Being black, he was not allowed to
live on campus. And some schools, like William and Mary and Georgia Tech,
wouldn’t play Rutegrs in football because Rutgers had a black on its team.
Rutgers did play against Washington and Lee—after Rutgers agreed to bench Paul
Robeson for that game.
He decided
to go to law school, and chose Columbia over Harvard. As a lawyer, he joined a prestigious
firm and asked a secretary to take a letter. Said she, I don’t take dictation
from a nigger. He resigned.
Robeson didn’t
complain about it, but in the U.S. and even in Europe he was subjected to racial
prejudce. He had to use the freight elevator. When his light-skinned wife
bought two tickets to a play, he was told he couldn’t sit in the orchestra with
her. When he wanted to eat, in the Times Square area, he almost had to travel to
Harlem to find a place that served blacks. When he was preparing to sing at a
concert in Kansas City, the newspaper, the Star, agreed to run a story about
it—but without a picture. The paper never ran pictures of black people. In
Green Bay, Wisconsin, he and his wife were scheduled to check into a hotel—but
were told at the last minute that it didn’t accept blacks. But the hotel
relented.
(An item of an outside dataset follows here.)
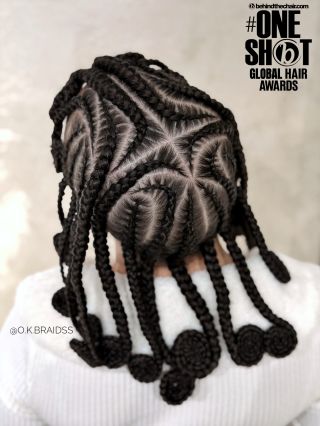 👉 Týmto príspevkom by som sa chcela zapojiť do súťaže v zapletaní ✨ Držte mi palce 🍀 a budem veľmi rada, ak ma podporíte 🫶...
The Robesons were given a room on the first floor, so they wouldn’t
be seen from the elevator, and told to use the side stiarcase, to eat in their
rooms, and to “make themselves as inconspicuous as possible.” A newspaper
critic for the New York Telegram didn’t acccept Robeson as Othello. The critic
wrote: “There have doubtless been truly tragic negroes—but they are not really
representive of their rather happy go
lucky race.”
This disgusting prejudice
against blacks existed not long ago—and it still exists.
I remember
inviting a black friend to join a bunch of us in going out to dinner. I can’t,
he said, I need a shave. So, go to a barber and pay for a shave, I said. He
looked at me and said, no white barber around here would shave me.
In high school, in
New Jersey, there were no blacks in my classes. Finally, in my senior year, I
saw a black kid who had enrolled in our school playing softball. White kids
were gathered around him…hooting.
I had a black cleaning woman at one time. She
asked me, can I use the downstairs bathroom or must I go upstairs? Use the downstairs
one of course, I said. She looked grateful. I’m still shocked.
I worked at a
magazine with the sister of writer James Baldwin at one time. We would go out
to lunch together. We always would bring a third person along. A white man with
a black woman wasn’t acceptable.
+++
Asplendid book about Robeson is by Martin Bubl Duberman. 800
pages. When people ask m how I spent the summer of 2015, I’ll say, I read this
book…
In his old age, Paul
Robeson returned to the United States. This was his country and he missed it. He
was ill and depressed, going in and out of hospitals, seeing visitors only
seldom. He tried suicide by cutting his wrists. He underwent electroshock therapy—52
times—before dying. A very sad conclusion to his life.
What really hurt
him was that he wasn’t invited to take part in the civil rights movement. Black
leaders felt that Robeson’s pro-Soviet views would hurt the civil rights
struggle. A. Philip Randolph, Roy Wilkens, even Martin Luther King Jr. felt
that way. So they didn’t invite him to speak, they didn’t give him any credit
for the entire civil rights movemenbt.
You remember that Jackie
Robinson had cursed Paul Robeson? Yet Robeson, almost alone, had campaigned to
have black players admitted into baseball! Jackie Robinson should have been
grateful.
On the other hand, Jackie
Robinson, years later, became somewhat disillusioned with the slow progress of
black freedom, and he said, “I do
have increased respect for Paul Robeson who, over the span of twenty years,
sacrificed himself, his career, and the wealth and comfort he once enjoyed
because, I believe, he was sincerely trying to help his people.”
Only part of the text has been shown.